Oban 2.18 emits telemetry events for job execution. These are not yet wired into the metrics module but are available:

[:oban, :job, :start]     # Job execution begins
[:oban, :job, :stop]      # Job execution completes
[:oban, :job, :exception] # Job raises an exception

Planned telemetry integration:

# Planned addition to SoundForgeWeb.Telemetry.metrics/0
summary("oban.job.stop.duration",
  unit: {:native, :millisecond},
  tags: [:queue, :worker]
),
counter("oban.job.exception.count",
  tags: [:queue, :worker]
)

VM Telemetry

The periodic poller collects BEAM VM metrics every 10 seconds:

summary("vm.memory.total", unit: {:byte, :kilobyte}),
summary("vm.total_run_queue_lengths.total"),
summary("vm.total_run_queue_lengths.cpu"),
summary("vm.total_run_queue_lengths.io")
  • Run queue lengths: Number of processes waiting for scheduler time. Values consistently above 0 indicate CPU saturation.
  • Memory total: Total BEAM memory usage. Watch for monotonic growth indicating leaks.

LiveDashboard

In development, all metrics are visualizable at /dev/dashboard:

# From router.ex
if Application.compile_env(:sound_forge, :dev_routes) do
  scope "/dev" do
    pipe_through :browser
    live_dashboard "/dashboard", metrics: SoundForgeWeb.Telemetry
  end
end

Planned Supervision Tree Additions

As the application matures, the supervision tree will expand:

flowchart TD
    SUP["SoundForge.Supervisor\n(:one_for_one)"]

    SUP --> EXISTING["[existing children...]"]

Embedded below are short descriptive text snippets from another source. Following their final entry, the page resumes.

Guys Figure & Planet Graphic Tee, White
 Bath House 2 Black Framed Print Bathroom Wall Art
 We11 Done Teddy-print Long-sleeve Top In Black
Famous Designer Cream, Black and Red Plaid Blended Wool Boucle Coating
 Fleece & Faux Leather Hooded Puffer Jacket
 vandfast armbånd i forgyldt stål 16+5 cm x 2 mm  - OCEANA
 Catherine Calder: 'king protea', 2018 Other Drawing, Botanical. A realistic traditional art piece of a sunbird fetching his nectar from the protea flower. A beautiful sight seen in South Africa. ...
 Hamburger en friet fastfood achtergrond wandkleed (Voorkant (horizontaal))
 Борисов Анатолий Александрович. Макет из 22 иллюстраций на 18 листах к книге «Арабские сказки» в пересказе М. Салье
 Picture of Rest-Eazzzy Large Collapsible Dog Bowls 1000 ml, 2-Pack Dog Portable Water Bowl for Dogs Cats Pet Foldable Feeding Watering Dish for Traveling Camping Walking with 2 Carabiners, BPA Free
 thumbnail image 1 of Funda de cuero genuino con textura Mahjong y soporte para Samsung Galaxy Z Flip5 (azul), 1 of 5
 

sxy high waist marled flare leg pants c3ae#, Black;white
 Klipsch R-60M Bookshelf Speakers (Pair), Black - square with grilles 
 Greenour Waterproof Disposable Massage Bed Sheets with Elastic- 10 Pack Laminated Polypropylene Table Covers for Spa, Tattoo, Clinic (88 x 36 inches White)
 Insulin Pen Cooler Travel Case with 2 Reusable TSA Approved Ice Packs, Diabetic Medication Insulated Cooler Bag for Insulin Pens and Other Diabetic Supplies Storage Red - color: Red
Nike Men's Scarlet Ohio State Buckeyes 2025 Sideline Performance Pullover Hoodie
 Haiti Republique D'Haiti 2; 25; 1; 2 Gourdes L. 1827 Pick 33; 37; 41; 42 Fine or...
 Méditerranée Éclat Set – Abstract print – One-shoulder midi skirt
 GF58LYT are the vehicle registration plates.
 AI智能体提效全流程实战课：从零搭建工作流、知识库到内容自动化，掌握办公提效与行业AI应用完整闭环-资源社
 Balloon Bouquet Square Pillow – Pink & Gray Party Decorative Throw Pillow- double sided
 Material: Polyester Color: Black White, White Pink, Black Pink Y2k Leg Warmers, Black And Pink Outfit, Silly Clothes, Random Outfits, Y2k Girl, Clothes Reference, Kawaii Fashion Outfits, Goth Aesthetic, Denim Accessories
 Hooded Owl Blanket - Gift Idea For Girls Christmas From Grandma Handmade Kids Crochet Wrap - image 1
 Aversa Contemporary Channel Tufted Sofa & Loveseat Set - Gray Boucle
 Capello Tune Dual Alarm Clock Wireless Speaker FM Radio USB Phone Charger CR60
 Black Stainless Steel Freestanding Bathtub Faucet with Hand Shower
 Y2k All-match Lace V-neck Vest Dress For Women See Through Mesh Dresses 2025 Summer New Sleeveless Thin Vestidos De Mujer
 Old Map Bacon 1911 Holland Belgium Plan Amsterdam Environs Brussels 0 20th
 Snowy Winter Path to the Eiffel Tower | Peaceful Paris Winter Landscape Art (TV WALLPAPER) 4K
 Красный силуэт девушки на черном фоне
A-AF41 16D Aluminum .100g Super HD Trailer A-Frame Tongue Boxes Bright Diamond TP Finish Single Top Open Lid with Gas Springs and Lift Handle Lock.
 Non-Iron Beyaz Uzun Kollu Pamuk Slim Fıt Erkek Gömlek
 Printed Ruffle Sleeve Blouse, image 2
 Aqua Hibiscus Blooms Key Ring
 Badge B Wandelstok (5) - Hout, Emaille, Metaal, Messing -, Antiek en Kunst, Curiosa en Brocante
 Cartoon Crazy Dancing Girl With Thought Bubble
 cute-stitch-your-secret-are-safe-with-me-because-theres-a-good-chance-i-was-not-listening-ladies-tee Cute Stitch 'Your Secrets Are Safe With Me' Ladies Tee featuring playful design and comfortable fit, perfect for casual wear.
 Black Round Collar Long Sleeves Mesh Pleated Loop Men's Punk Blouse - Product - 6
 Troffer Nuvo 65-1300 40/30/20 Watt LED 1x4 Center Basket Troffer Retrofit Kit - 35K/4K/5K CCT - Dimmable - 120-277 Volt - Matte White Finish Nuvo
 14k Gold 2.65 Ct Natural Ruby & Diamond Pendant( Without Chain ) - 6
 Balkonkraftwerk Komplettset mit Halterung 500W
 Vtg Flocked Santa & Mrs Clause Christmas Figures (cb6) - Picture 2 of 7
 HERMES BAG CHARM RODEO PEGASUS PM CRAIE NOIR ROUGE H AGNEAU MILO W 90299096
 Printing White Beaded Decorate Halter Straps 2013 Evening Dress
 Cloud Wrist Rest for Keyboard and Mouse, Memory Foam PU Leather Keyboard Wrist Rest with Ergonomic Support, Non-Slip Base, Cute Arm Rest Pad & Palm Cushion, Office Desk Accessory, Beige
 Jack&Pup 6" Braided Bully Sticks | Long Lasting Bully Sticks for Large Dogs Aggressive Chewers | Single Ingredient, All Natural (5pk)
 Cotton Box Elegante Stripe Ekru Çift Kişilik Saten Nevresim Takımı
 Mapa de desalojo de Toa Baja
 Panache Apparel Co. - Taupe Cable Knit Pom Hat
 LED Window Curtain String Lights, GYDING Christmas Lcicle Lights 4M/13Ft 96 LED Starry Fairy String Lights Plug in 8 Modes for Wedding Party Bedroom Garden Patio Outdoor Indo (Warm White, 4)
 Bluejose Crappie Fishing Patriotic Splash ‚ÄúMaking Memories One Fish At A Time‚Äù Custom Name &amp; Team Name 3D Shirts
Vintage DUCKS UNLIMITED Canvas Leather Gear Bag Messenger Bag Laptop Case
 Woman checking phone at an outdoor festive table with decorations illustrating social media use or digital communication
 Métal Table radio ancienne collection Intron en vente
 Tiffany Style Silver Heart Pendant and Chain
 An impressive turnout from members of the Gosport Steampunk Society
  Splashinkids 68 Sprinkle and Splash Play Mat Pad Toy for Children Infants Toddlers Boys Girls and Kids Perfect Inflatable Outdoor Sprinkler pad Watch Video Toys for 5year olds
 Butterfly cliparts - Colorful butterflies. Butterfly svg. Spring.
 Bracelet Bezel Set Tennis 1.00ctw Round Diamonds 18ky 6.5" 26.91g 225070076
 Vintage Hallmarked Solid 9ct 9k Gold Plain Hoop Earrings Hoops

    SUP --> ASUP["SoundForge.Audio.Supervisor\n(:one_for_one)\n[PLANNED]"]
    ASUP --> AP["SoundForge.Audio.AnalyzerPort\n(GenServer, on-demand)"]
    ASUP --> DP["SoundForge.Audio.DemucsPort\n(GenServer, on-demand)"]

    SUP --> TR["SoundForge.Spotify.TokenRefresher\n(GenServer)\n[PLANNED]"]
    TR --> TR1["Periodic token refresh every 3500s"]
    TR --> TR2["Replaces ETS-based lazy refresh"]

    SUP --> JAN["SoundForge.Storage.Janitor\n(GenServer)\n[PLANNED]"]
    JAN --> JAN1["Periodic cleanup of orphaned files"]
    JAN --> JAN2["Storage statistics collection"]

The Audio.Supervisor would use DynamicSupervisor to start port processes on demand and supervise them for the duration of their work, rather than requiring callers to manage lifecycle manually.